The son of a small merchant, Miasnikov graduated from the law faculty of Moscow University in 1911. As a Gymnasium student in Nakhichevan’ and later in Moscow he was active in clandestine groups from 1901, joining the revolutionary movement in 1904. In 1906 he was arrested and exiled to Baku, where he continued to work for the revolutionary cause. Between 1912 and 1914, Miasnikov was an assistant to an attorney at law in Moscow and engaged in literary and propaganda activity. Drafted into the army in 1914, he conducted revolutionary propaganda among the soldiers. After the February Revolution of 1917 he became a member of the frontline committee of the Western Front and was one of the organizers and editors of the Bolshevik newspaper Zvezda (Star) in Minsk. Miasnikov was a delegate to the Sixth Congress of the RSDLP (Bolshevik), where he gave a report on the situation at the Western Front. In September 1917 he became chairman of the Northwestern Regional Committee of the RSDLP(B), and in October he joined the Military Revolutionary Committee of the Western Region. At the congress of deputies from the armies of the Western Front, held in November 1917, Miasnikov was elected front commander and for a time served as supreme commander. In the spring of 1918 he was commander of the Volga Front against the White Czechs. In early 1919 he was made chairman of the Central Executive Committee of Byelorussia and chairman of the Central Bureau of the Byelorussian Communist Party (Bolshevik). From 1919 to 1921 he was a military organizer attached to the Moscow Committee of the RCP (Bolshevik) and later secretary of the Moscow Committee. In 1920 he was appointed chief of the Political Directorate of the Western Front.
In 1921, Miasnikov became chairman of the Council of People’s Commissars and people’s commissar for military affairs of the Armenian SSR, concurrently serving as deputy chairman of the Council of People’s Commissars of the Transcaucasian Socialist Federated Soviet Republic. He was also a member of the Caucasian Bureau of the Central Committee of the RCP(B). In 1922 he became chairman of the Union Council of the Transcaucasian soviet republic and later first secretary of the Transcaucasian Krai Committee of the RCP(B). While holding these positions, Miasnikov was editor of the newspaper Zaria Vostoka (Dawn of the East), a member of the Military Revolutionary Council of the USSR, and a member of the Presidium of the Central Executive Committee of the USSR. He was elected a candidate member of the Central Committee of the RCP(B) at the Twelfth and Thirteenth Congresses.

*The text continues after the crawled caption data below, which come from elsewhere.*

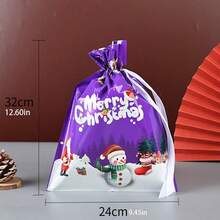 1pc Santa Claus Drawstring Gift Bag With Aluminum Foil Candy Packaging For Christmas Gift, Purple - Purple - View 6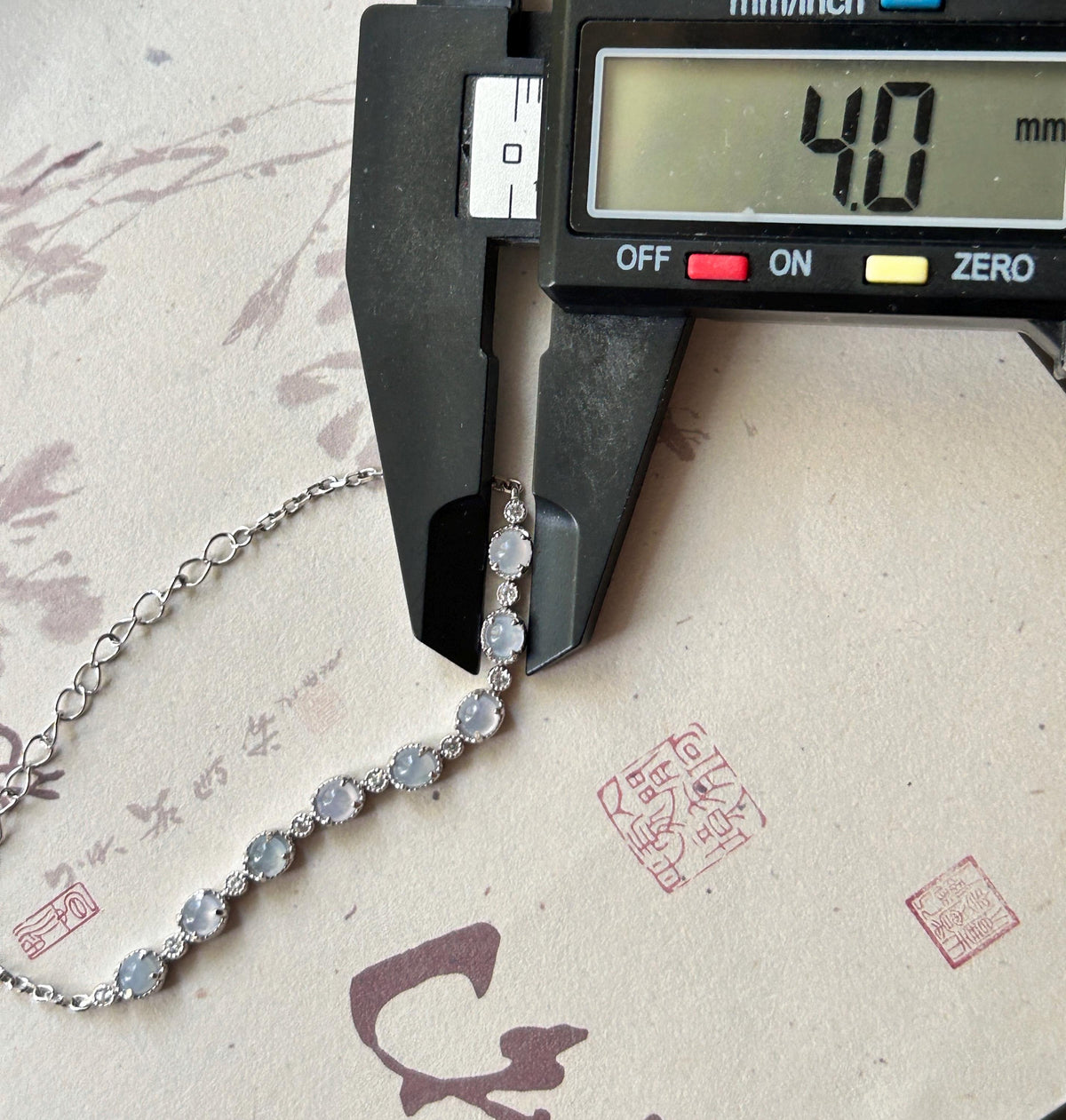 Certified Natural Jadeite Cabochon Minimalist Bracelet, Burmese Type A Translucent Icy Pale Lavender Jade Sterling Silver, Adjustable Length
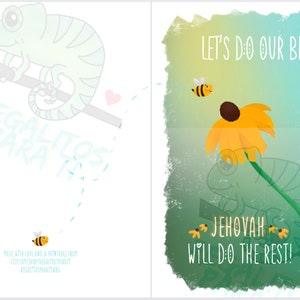 Lets Do Our Best Printable 5x7 Illustrated Bee Sunflower Download JW Cards Baptism LDC DRC Pioneer School New Service Year Encouragement image 3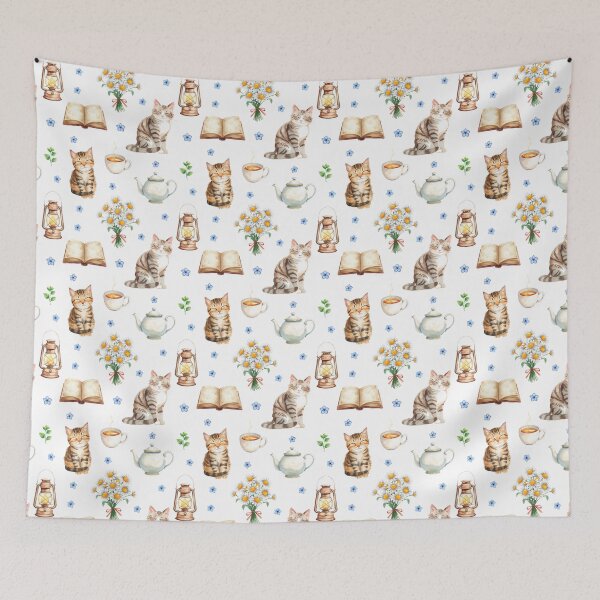 Item preview, Cozy Reading Cats and Tea Watercolor Pattern designed and sold by HelgaCraftery.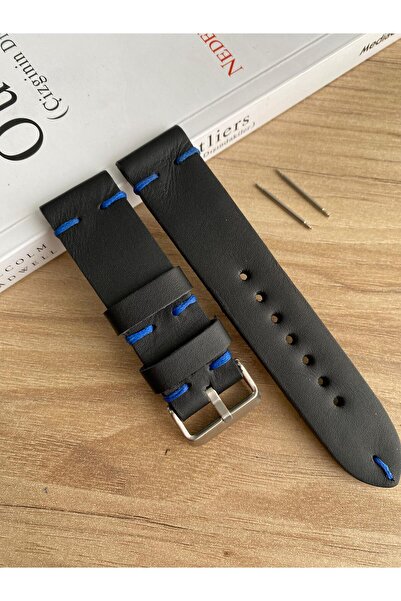 Prizma El Dikişi Mat Siyah Gerçek Deri Saat Kordonu.20,22,24,26mm.Genişlik Se...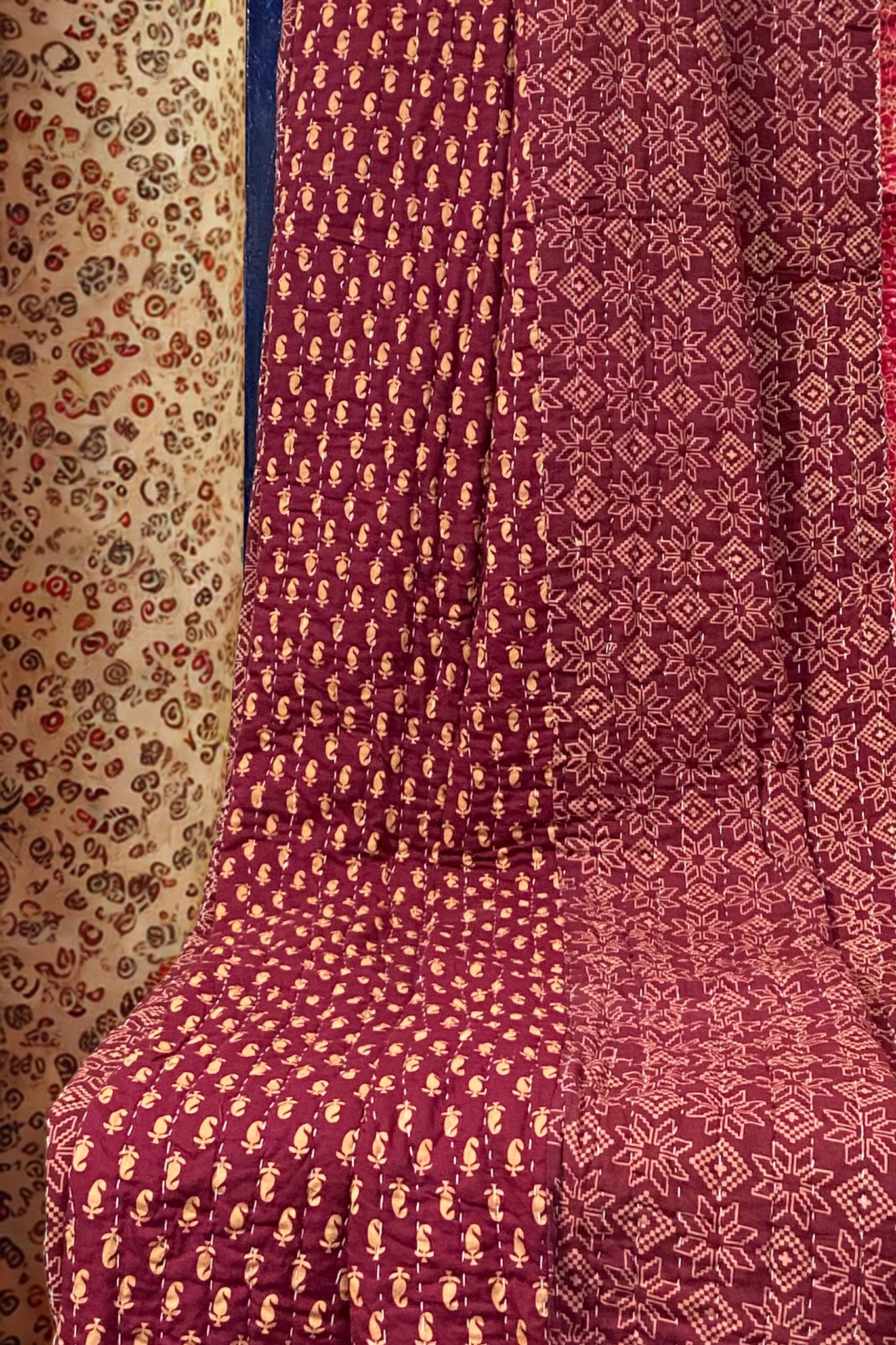handcrafted reversible mashroo double quilt with filler - Gilded Rose & Gold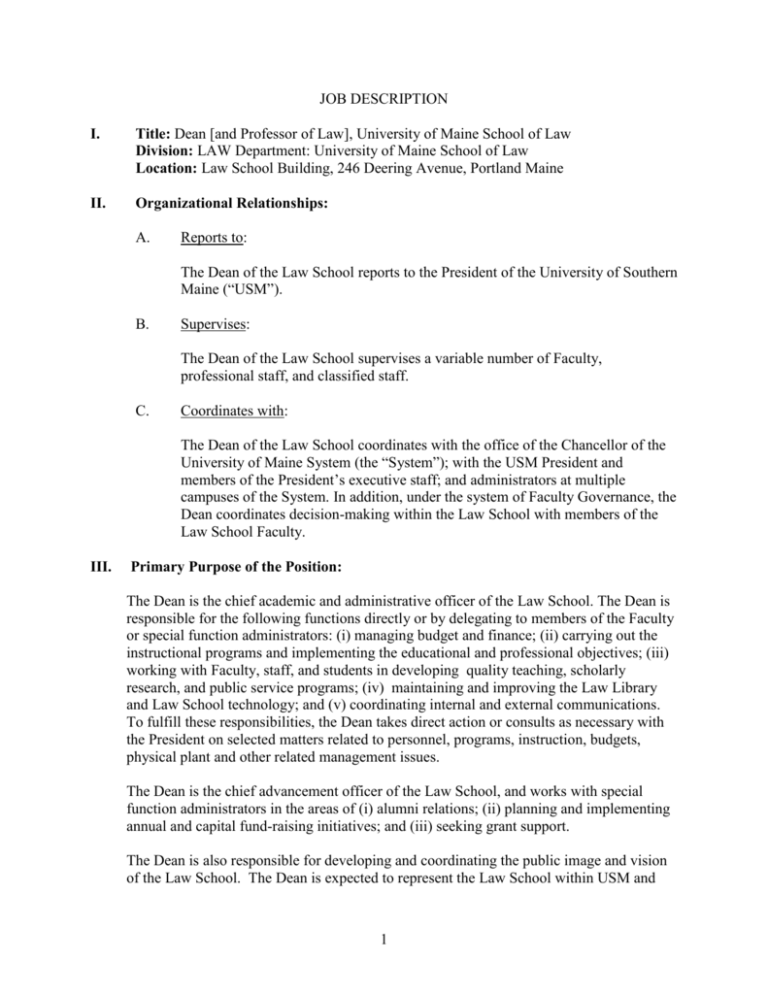 JOB DESCRIPTION University of Southern Maine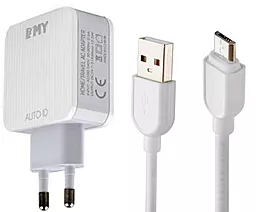 Мережевий зарядний пристрій EMY MY-A303 3xUSB 15W 3.1A + micro USB Cable White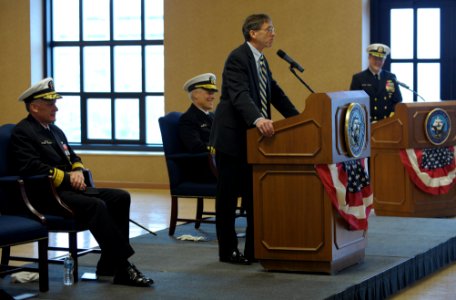 US Navy 111117-N-PO203-068 Sean J. Stackley, assistant secretary of the Navy for Research Development and Acquisition, addresses guests during the photo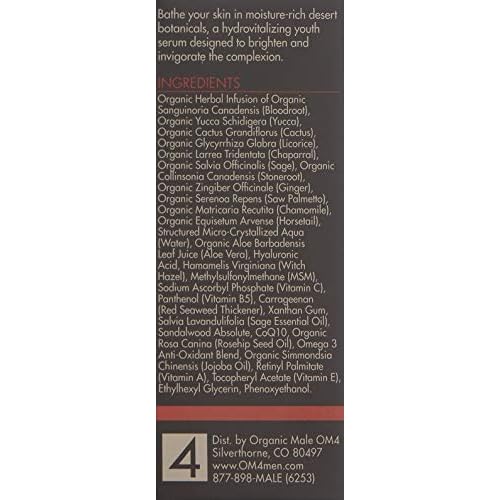 Organic Male OM4 Dry STEP 3: Warm Sands Botanical Youth Serum - Men's Skincare With anti-aging Vitamin C, Aloe Vera, and Hyaluronic Acid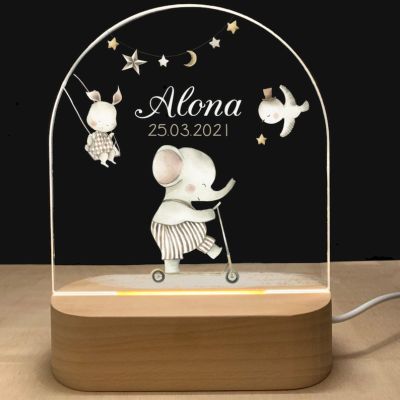 Fallover Personalised Gifts - Customised Night Lights with Name & Date, Baptism Gifts for Girls/Boys, Kids Night Light Bedroom - Toddler Led Night Light, Rememberance Presents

Miasnikov wrote a number of works on the theory of Marxism-Leninism, the history of the revolutionary movement, and Armenian literature. In 1906 he began writing theater reviews. His article “Mikael Nalbandian” (1910) was the first Marxist study of the Armenian revolutionary democrat. Miasnikov also wrote pamphlets on such classics of Armenian poetry as I. Ioannisian, A. Tsaturian, and O. Tumanian. Consistently defending the Leninist principle of party-mindedness (partiinost’) in literature, Miasnikov sharply criticized apolitical and nonideological approaches to literature and the bourgeois theory of “art for art’s sake” in his articles “Philanthropy and Its Lackeys” (1912), “Awakening” (1914), and “Iu. Aikhenval’d’s Poets and Poetesses” (1922). He died in an airplane crash and was buried in Tbilisi.
WORKS
Izbr. proizv. Yerevan, 1965. (Translated from Armenian).REFERENCES
Mnatsakanian, A. N. A. Miasnikov, Yerevan, 1957.Salin, L. “Zhizn’, otdannaia narodu.” In Soldaty partit. Moscow, 1971.